In D.C., Alavi claimed, a "lobby group for the Islamic Republic of Iran" is working to bolster the regime's international status and help legitimize its nuclear endeavors.
"They have a lobby group for the Islamic Republic of Iran which does not cost us money," Alavi said, without naming the specific organization. "We should not accuse them and say things that discourage them about the ancestral homeland, this is not good, and losing this capital is not good for the regime."
Iranian dual nationals living in the West remain devoted to the Islamic Republic, he added.
"It is wrong to say that all dual nationals are traitors, spies, or foreign agents; many of dual nationals love Iran, are a capital for Iran," Alavi said. "Many who live in Canada, London, or the United States [are devoted] to the [Islamic] revolution and the supreme leader … In those places some attend religious ceremonies. [Those people] love the [Islamic] Revolution."
While the Iranian official did not name the lobby group in question, the Free Beacon has reported during the past several months that dissident organizations are pushing for a formal investigation into the National Iranian American Council, or NIAC, which has long fought against charges that it lobbies on the regime's behalf.
A group of nearly 100 prominent Iranian dissidents working to undermine the regime petitioned Congress in February to investigate NIAC's ties to the Iranian regime and determine if it is actively helping to push a pro-mullah agenda.
"We write to request a congressional hearing on the efforts of Tehran's theocratic regime to influence U.S. policy and public diplomacy toward Iran," the dissidents wrote to Sen. Bob Corker (R., Tenn.) and Rep. Ed Royce (R., Calif.), the heads of Congress' foreign affair committees, according to copies of the letter first reported by the Free Beacon.
NIAC's actions in favor of the Iran nuclear deal and increased diplomacy with Tehran also raised concerns in January, when the Free Beacon first reported that two high-level Iranian government backers, including a former Islamic Republic official and another accused of lobbying on Tehran's behalf, had been hosted at the Obama White House for more than 30 meetings with top officials.
The meetings came at key points in the Obama administration's outreach to Iran and efforts to push the nuclear deal.
Michael Rubin, a former Pentagon adviser and expert on rogue regimes, raised concerns about Alavi's recent remarks. He noted that organizations pushing Iran's agenda in Washington are obligated to disclose their work under the Foreign Agents Registration Act, or FARA, even if no money is exchanging hands as part of the relationship.
"The question to ask is whether there is daylight between the foreign policy positions of the Islamic Republic and those of groups of which the Iranian intelligence minister refers," Rubin said.
"At the very least, it is worth asking whether any individual who is making a couple dozen meetings to the White House and even more to the State Department is acting as what the Iranian intelligence minister might consider a lobbyist," Rubin added, referring to the former administration's outreach to pro-Iran interests in the United States. "It's not a witch-hunt, it's a matter of law."

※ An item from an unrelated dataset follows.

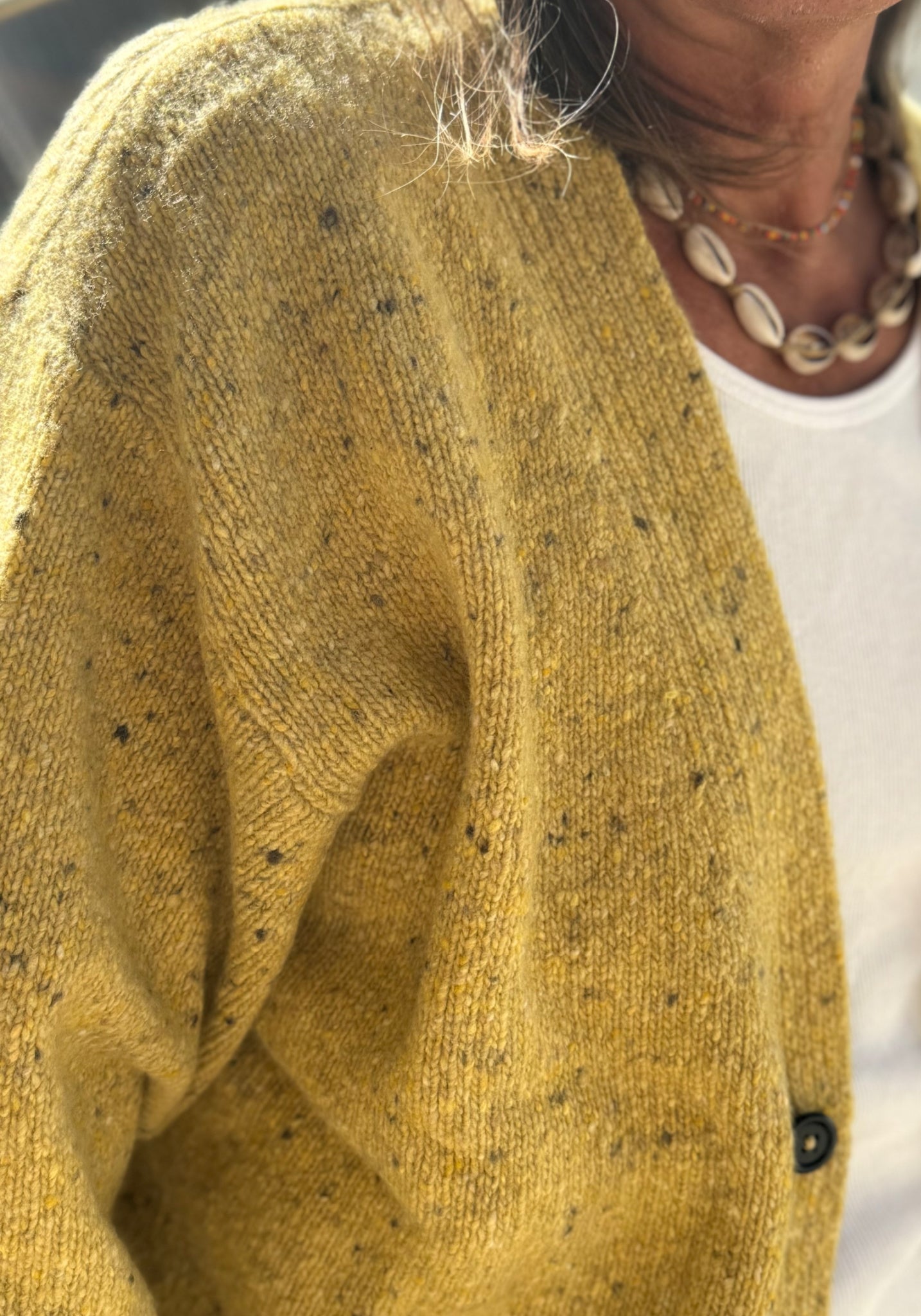 Cardigan din lână - Ammi Speckled Yellow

Given Alavi's recent disclosures, U.S. officials would be wise to "ask the motivations of those fundraising for any group that seems more interested in defending Iran's ballistic missile work than in human rights and cultural freedom," Rubin said.
Saeed Ghasseminejad, an Iranian dissident and associate fellow at the Foundation for Defense of Democracies, told the Free Beacon that several years ago Iran implemented a formal plan to "strengthen its ties with anti-war and pro-regime lobby groups."
This included bolstering ties with Iranian dual nationals in the West and certain organizations in Europe and the United States to help "change the unfriendly governments' policies and actions regarding the regime," according to Ghasseminejad.
This network is tasked with discrediting Tehran's opponents and stopping efforts to foster regime change in Iran, Ghasseminejad said.
"They are specifically concerned about any prospect of regime-change and cooperation between the U.S government and Iranian opposition groups," he said.
Iran also wants these organizations to promote policies that benefit Iran and will help it garner international legitimacy, according to Ghasseminejad.